At this point, you should be able to list the newly created index. Still in Console, issue the following command:

GET _cat/indices/basic*

This is what Console should look like at this stage:

Importing data in Console

Restoring the data from Console

The response indicates that our index has been created and contains 300,000 documents.

There could be different approaches here to what index topology we should use: because the data has timestamps, we could, for example, create daily indices, or weekly indices. This is very common in a production environment, as the most recent data is often the most used. Thus, from an operations point of view, if the last seven days of logs are the most important ones and you have daily indices, it's very handy to set up routines that either archive or remove the old indices (older than seven days).

If we look at the content of our index, here is an example of a document extract:

"@timestamp": "2015-03-11T21:24:20.000Z", 
"host": "Astaire.local", 
"clientip": "186.231.123.210", 
"ident": "-", 
"auth": "-", 
"timestamp": "11/Mar/2015:21:24:20 +0000", 
"verb": "GET", 
"request": "/presentations/logstash-scale11x/lib/js/head.min.js", 
"httpversion": "1.1", 
"response": 200, 
"bytes": 3170, 
"referrer": ""http://semicomplete.com/presentations/logstash-scale11x/"", 
"agent": ""Mozilla/5.0 (Macintosh; Intel Mac OS X 10_9_0) AppleWebKit/537.36 (KHTML, like Gecko) Chrome/32.0.1700.102 Safari/537.36"", 
"geoip": { 
  "ip": "186.231.123.210", 
  "country_code2": "BR", 
  "country_code3": "BRA", 
  "country_name": "Brazil", 
  "continent_code": "SA", 
  "latitude": -10, 
  "longitude": -55, 
  "location": [ 
    -55, 
    -10 
  ] 
}, 
"useragent": { 
  "name": "Chrome", 
  "os": "Mac OS X 10.9.0", 
  "os_name": "Mac OS X", 
  "os_major": "10", 
  "os_minor": "9", 
  "device": "Other", 
  "major": "32", 
  "minor": "0", 
  "patch": "1700" 
}

The document describes a given user connection to the website and is composed of HTTP metadata, such as the version, the return code, the verb, the user agent with the description of the OS and device used, and even localization information.
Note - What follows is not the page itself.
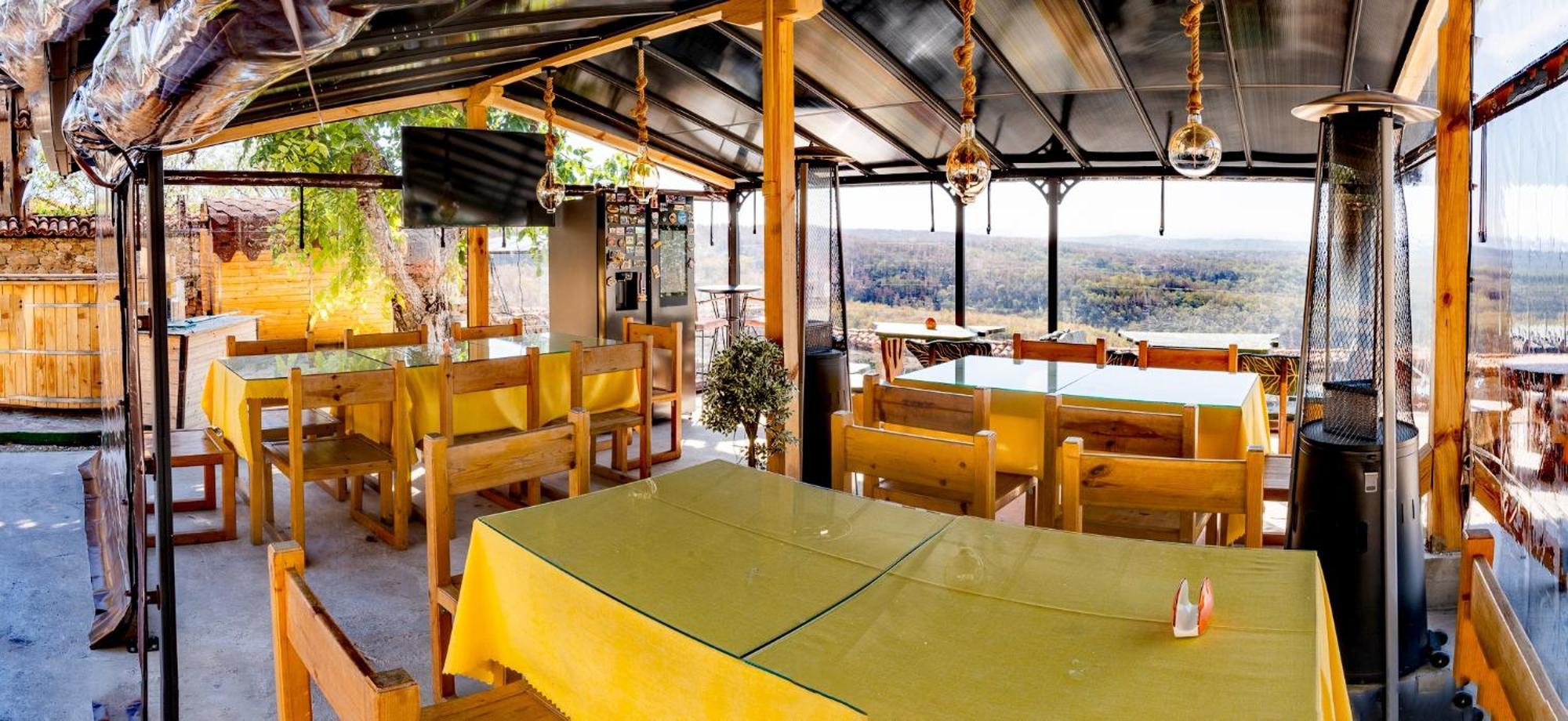 Complex Arbanashki Style-Panoramic View With Summer And Winter Terrace, Jacuzzi, Sauna, Children'S And Adult Area With Cinema Summer Arbanasi Dış mekan fotoğraf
Analyzing each document would not make it possible to understand website-user behavior; this is where Kibana comes into play, by allowing us to create visualizations that will aggregate data and reveal insights.

We can now import the dashboard.

Importing the dashboard

Unlike in the previous chapter, we won't create the visualization here, but rather use the Import feature of Kibana, which lets you import Kibana objects such as searches, visualizations, and dashboards that already exist. All these objects are actually JSON objects indexed in a specific index called, by default, .kibana.

Go into the management section of Kibana and click on Saved Objects. From there, you can click on the Import button and choose the JSON file provided in the book's resources. First import the Apache-logs-visualizations.json file, and then the Apache-logs-dashboard.json file. The first contains all the visualizations, and the second contains the dashboard that uses the visualizations. The following visualizations should be present:

Importing the dashboard

Imported Visualizations

You will have all the BasicLogstash visualizations.

Let's review the imported dashboard. Go to the Dashboard section and try to open the Elastic Stack-Apache Logs dashboard. You should get the following:

Importing the dashboard

Apache log dashboard

At this stage, we are now ready to browse the visualizations one by one and explain what they mean.

Understanding the dashboard

We'll now go through each visualization and look at the key performance indicators and features they provide:

Markdown - notes in dashboard

The following is the screenshot of the basic Elastic summary:

Markdown - notes in dashboard

Markdown visualization

The markdown visualization can be used to add comments to your dashboard, such as in our example, to explain what the dashboard is about. You can also leverage the support of URLs to create a menu, so the user is able to switch from one state of the dashboard to another.

Note

Kibana stores its state in the URL, which is how you can share a specific state of a dashboard just by sharing the link.

Metrics - logs overview

The following metrics visualization gives a summary about the data presented in the dashboard:

Metrics - logs overview

Apache logs metrics

It's always useful to have some metrics displayed in your dashboard, so, for example, you can keep track of the number of documents affected by your filtering while you play with the dashboard.

Bar chart - response code over time

Bar charts are great for visualizing one or more dimensions of your data over time. In this example, we are showing a breakdown of response code over time. Thus, you can see the volume of requests on www.logstash.net and whether there is a change compared to what you think is the expected behavior. The following shows some 404 spikes that might need a closer look:

Bar chart - response code over time

Response codes over time

Area chart - bandwidth by country

Area charts are useful for displaying accumulative data over time. Here, we are using the country location field to build this area chart, to give us insights on which countries are connecting to our website:

Area chart - bandwidth by country

Bandwidth by country

We will look at how we can use this information in the context of bandwidth analysis later in the chapter.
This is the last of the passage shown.